Farrokh Langdana, Professor of finance and economics, Rutgers Business School - Newark and New Brunswick
Keep in mind that inflation – the across-the-board increase in price growth – has been largely absent from American memory since 1982 when Paul Volcker of the Fed squashed monetary growth. Over the last 40 years, we Americans have experienced bubbles in localized markets – dotcoms in the late 2000s, in the stock market, in housing and, more recently, cryptocurrencies and SPACs – but not across-the-board inflation. Until now. This time the "old fashioned" inflation seems to be back. Even though the rate has moderated somewhat now, it is still very much the key election issue. After all, there is nothing subtle or innocuous about across-the-board inflation, it is obvious with every visit to the grocery store or to the gas station.
Consequently, it will be a key issue, or at least the opposition will attempt to ensure that it is a key issue. But the fact that it is slowly tempering will be in favor of the incumbent candidates, that is, if they can make a strong case for it, and if inflation agrees to cooperate by moving in the right direction. The Fed has indeed calmed demand-pull inflation with quick and significant rate hikes and by strong messaging (finally). The cost-push component is also wearing off. The outlook is good – inflation will continue to moderate. The Fed will take credit for it all, as will the President, but that's politics.
There is nothing subtle or innocuous about across-the-board inflation, it is obvious with every visit to the grocery store or to the gas station
Farrokh Langdana
John Longo, Professor of finance and economics, Rutgers Business School - Newark and New Brunswick
Inflation is certainly at the top of mind for many voters and one of the factors in the upcoming midterm elections. Gas and groceries are of particular concern since consumers see those prices virtually every week as they shop for groceries, buy meals at restaurants and fill up their internal combustion vehicles at the pump. It will take years for inflation to not be a concern, as it was in the long period prior to the COVID pandemic. There is no silver bullet. A combination of higher interest rates, improved supply chains, slower economic growth, positive developments in the Russia-Ukraine war and a further diminution of COVID infections around the world are likely necessary to get inflation firmly under control.
If the Democrats maintain control of the House and Senate after the midterm elections, it increases the chance that they can pass new legislation. If the there is a split House/Senate, or if the Republicans sweep the midterm elections, it will result in “gridlock” scenarios where is it unlikely that major legislation is passed. The former scenario is likely to be more inflationary based on history, but it depends on the specific legislation.
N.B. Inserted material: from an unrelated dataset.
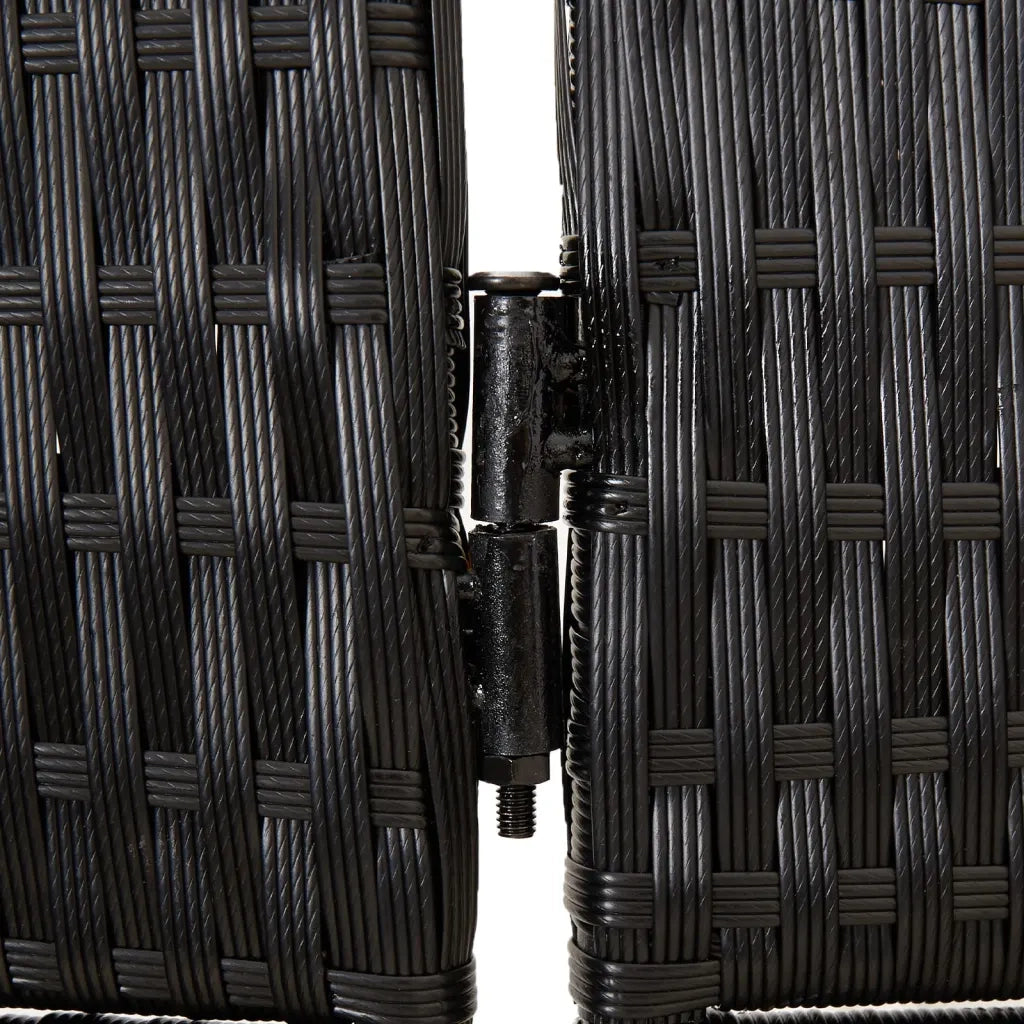 Divisorio per Ambienti a 5 Pannelli Nero in Polyrattan 365364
Parul Jain, Associate professor of finance and economics, Rutgers Business School - Newark and New Brunswick
The economic situation can be summarized in a different way by looking at the “misery index,” which is the sum of inflation and unemployment. Some voters are predisposed to react negatively. Hence, while misery has certainly risen, the expectations of moderating inflation ahead should temper the election fallout. Plus, the economy is grappling with multiple considerations stemming from the Ukraine crisis, which spiked energy prices and created supply-chain issues, so it is tough to simply blame policymakers for the exogenous factors in inflation dynamics. Savvy voters do understand that politicians aren’t causing the inflationary spiral.